§ **TASK TO COMPLETE**
Write out the material below again, line for line, without any images.

START DATA SECTION

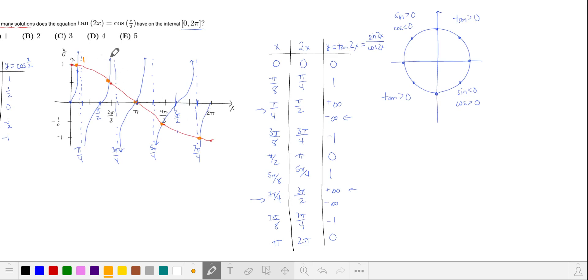Counting the intersecting points: 1, 2, 3, 4, and 5 — we have 5 intersecting points. Now let's see if we can generate this graph even more quickly.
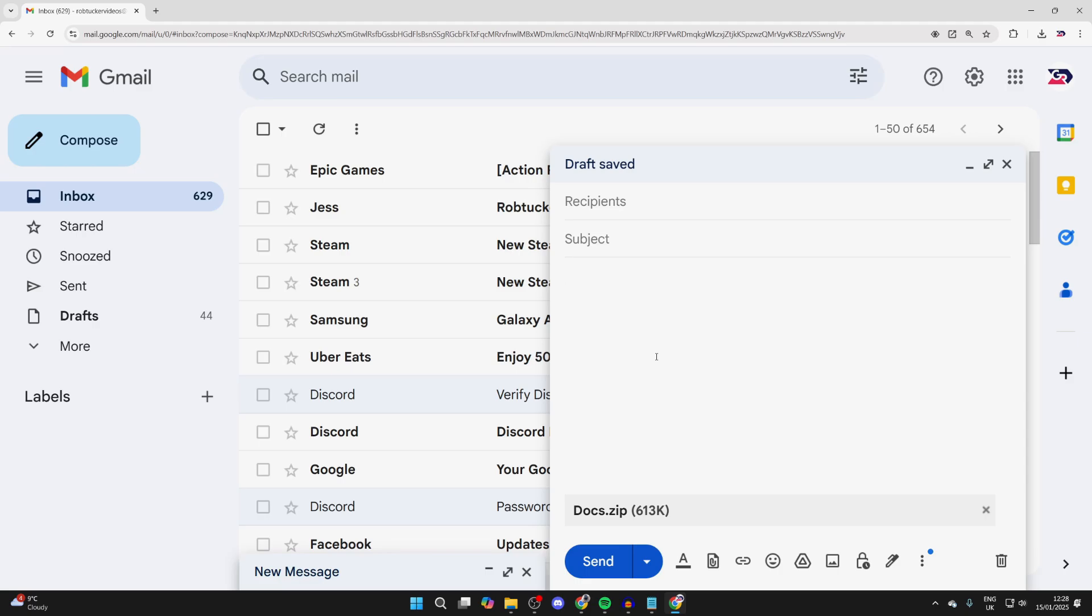Of course, you can use whatever email provider you're using. If you found this useful, please consider subscribing and liking the video.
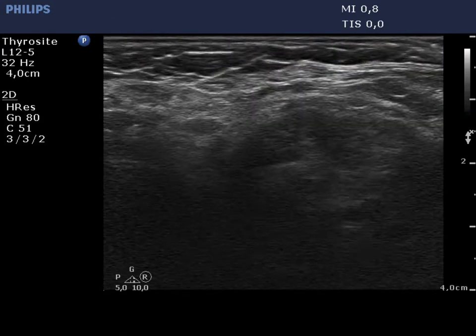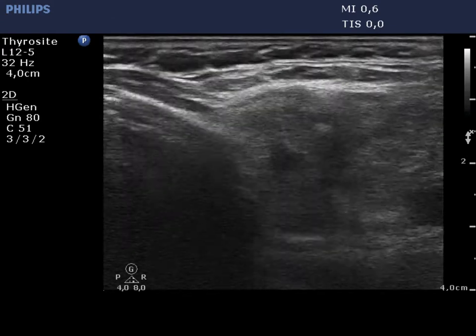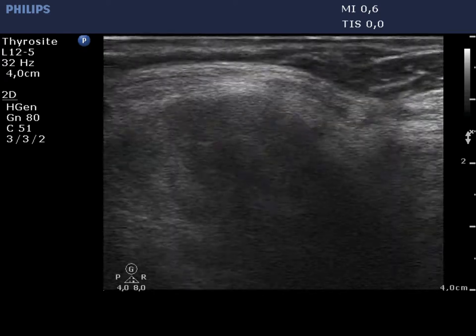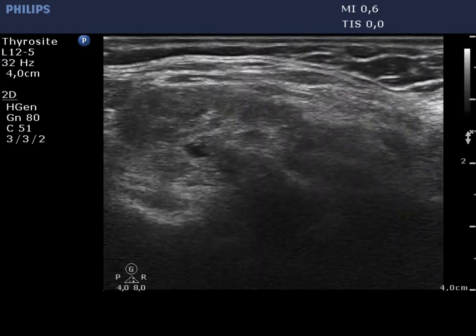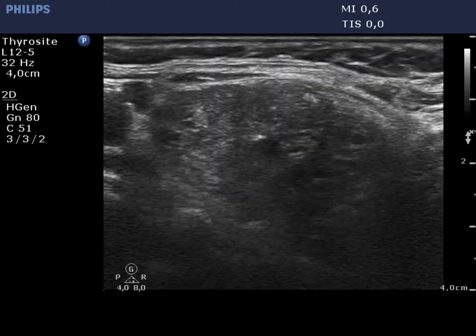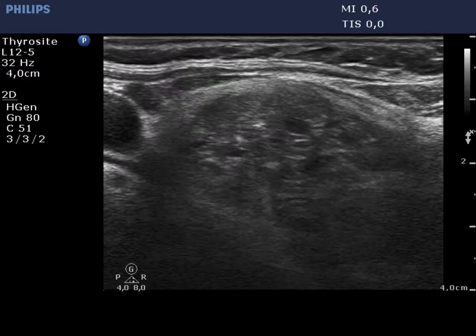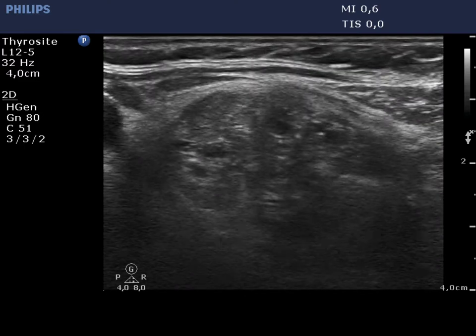The left lobe has a similar presentation. We change the setting to penetration in order to see the dorsal parts of the lobe better. Hypochoic lesions predominate in this lobe.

END DATA SECTION

§ **SOLVED PROBLEM**
Counting the intersecting points: 1, 2, 3, 4, and 5 — we have 5 intersecting points. Now let's see if we can generate this graph even more quickly.
Of course, you can use whatever email provider you're using. If you found this useful, please consider subscribing and liking the video.
The left lobe has a similar presentation. We change the setting to penetration in order to see the dorsal parts of the lobe better. Hypochoic lesions predominate in this lobe.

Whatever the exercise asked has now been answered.